Plotting the Optimal Distance for Data Scientists in Python using the K-Nearest Neighbour K-NN Algorithm
This example uses the K-Nearest Neighbour K-NN to connect several points and plotting those as a graph on a Plotly map. This is a quick and simple example that data scientists can use to illustrate a graph for their professional or academic papers.
A brief file structure overview of the repository is provided. The knn_map.py is in the root directory. The data folder houses a list of target geocoordinates in a csv file. The out map is generated in the output folder.
/
knn_map.py
- / data /
geocoordinates.csv
- / output /
knn_map.jpg
The geocoordinates.csv includes the following target geocoordinates.
LATITUDE LONGITUDE
48.13485 11.5173913
48.1348182 11.577103
48.1492002 11.5592469
48.11005 11.59344
48.158903 11.5856
Before jumping into the code the following requirements and packages are needed to run the code:
Python 3.10.6
pip3 install numpy
pip3 install scipy
pip3 install pandas
pip3 install plotly
pip3 install kaleido
First the packages that were just installed are imported into our file knn_map.py
import numpy as np
from numpy import sqrt
from scipy.spatial.distance import pdist, squareform
import pandas as pd
import plotly.express as px
import plotly.graph_objects as go
Next a function generate_knn_grid is created which returns the K-NN grid. This function takes the dataset of geocoordinates in the data folder as a parameter.

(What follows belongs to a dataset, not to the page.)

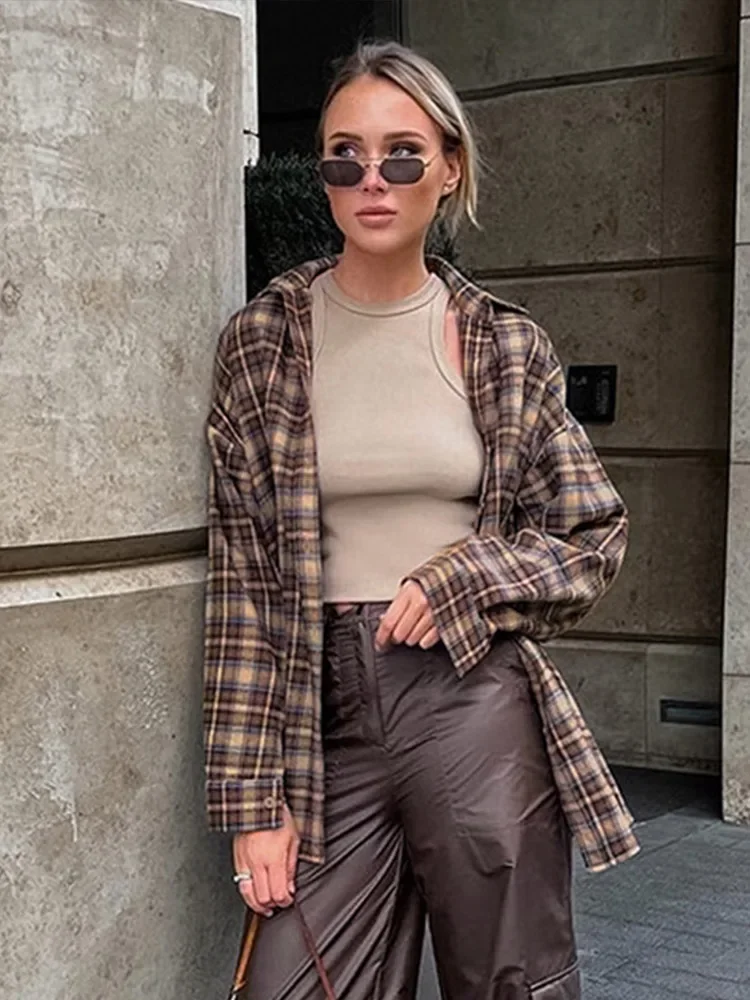 البلوزات البني منقوشة المرأة عادية كم طويل قمصان فضفاضة رفض طوق موضة ربيع الخريف مكتب سيدة الشارع الشهير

def generate_knn_grid(df):
Inside the function the parameters for the KNN algorithm are defined. N is the number of nearest neighbours or nearest nodes we want to connect. As a standard practice K is set to the square root of the number of nearest neighbours. X stacks the geocoordinate data point into a 2D Array.
# Parameters for the k-nearest neighbor algorithm
N = len(list(df.LATITUDE))
k = round(sqrt(N))
X = np.column_stack((lat, lon))
Next the Euclidean distances between the geocoordinates or nodes can be generated. pdist returns a matrix of distance between each pairs of nodes.

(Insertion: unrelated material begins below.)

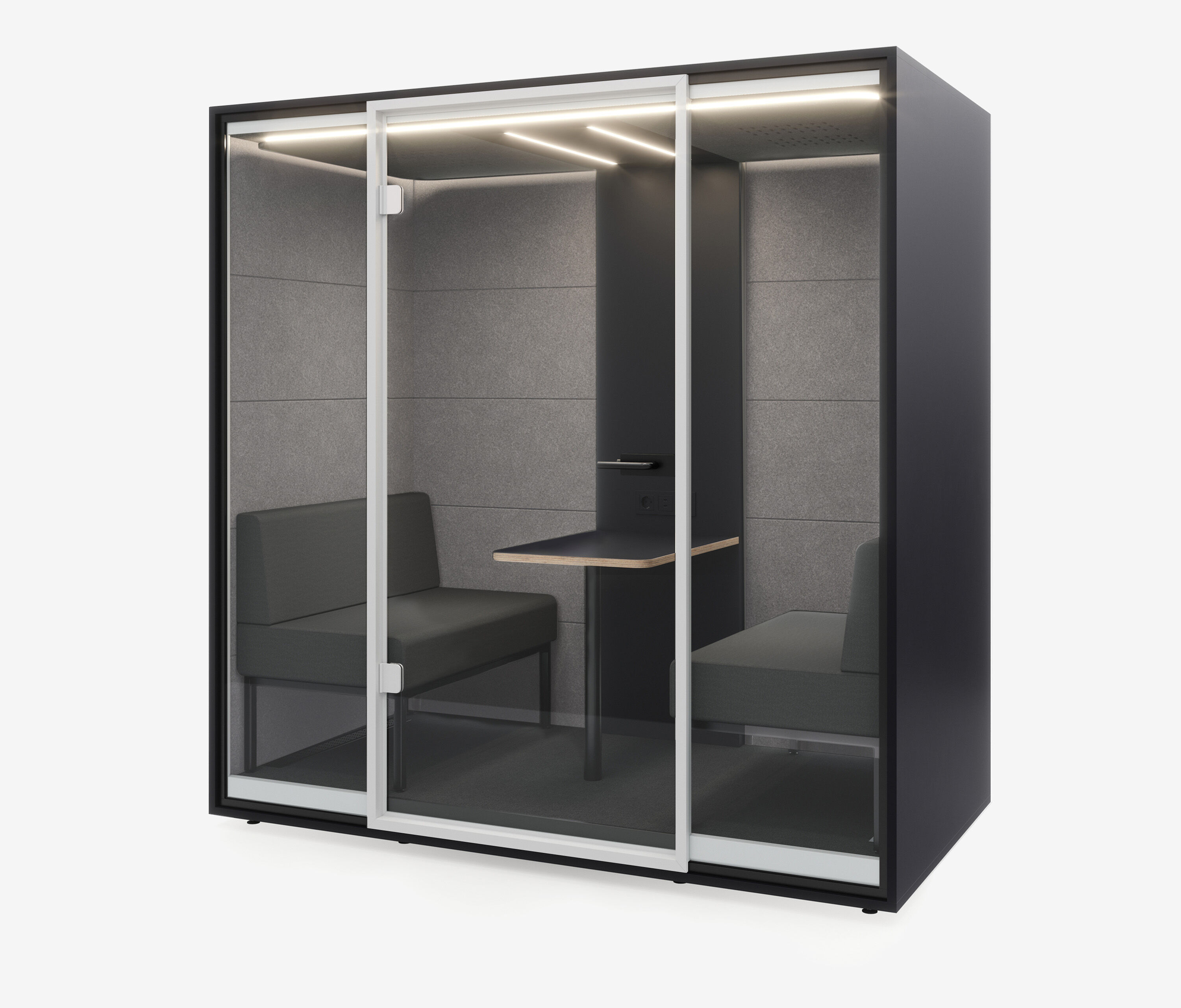 Meetingbox Quattro Antraciet Antraciet Lichtgrijs Grijs Standaard Wit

# matrix of pairwise Euclidean distances will determine which dector node
is connected to another dector node
distmat = squareform(pdist(X, 'euclidean'))

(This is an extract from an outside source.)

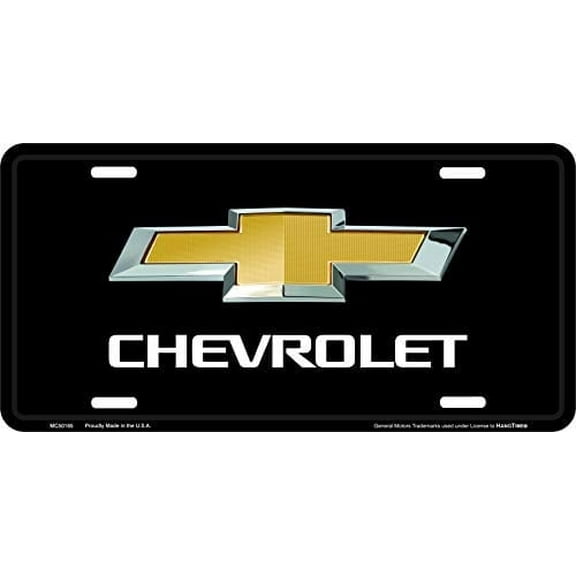 HangTime Chevrolet License Plate with Bow Tie and Black Background 6 X 12 inches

For each node the nearest neighbours are determined using the Euclidean distance matrix.
# select the kNN for each datapoint
neighbors = np.sort(np.argsort(distmat, axis=1)[:, 0:k])
Using the this information the geocoordinates belong to connectors or edges between the nodes can be calculated.
# get edge coordinates for the lines connecting the nodes
coordinates = np.zeros((N, k, 2, 2))
for i in np.arange(len(list(df.LATITUDE))):
for j in np.arange(k):
coordinates[i, j, :, 0] = np.array([X[i,:][1], X[neighbors[i, j], :][1]])
coordinates[i, j, :, 1] = np.array([X[i,:][0], X[neighbors[i, j], :][0]])
The calculated information is then returned along with N and k.
return N, k, coordinates
Next the function for plotting the map is created. It takes the returned information from the pervious function as parameters.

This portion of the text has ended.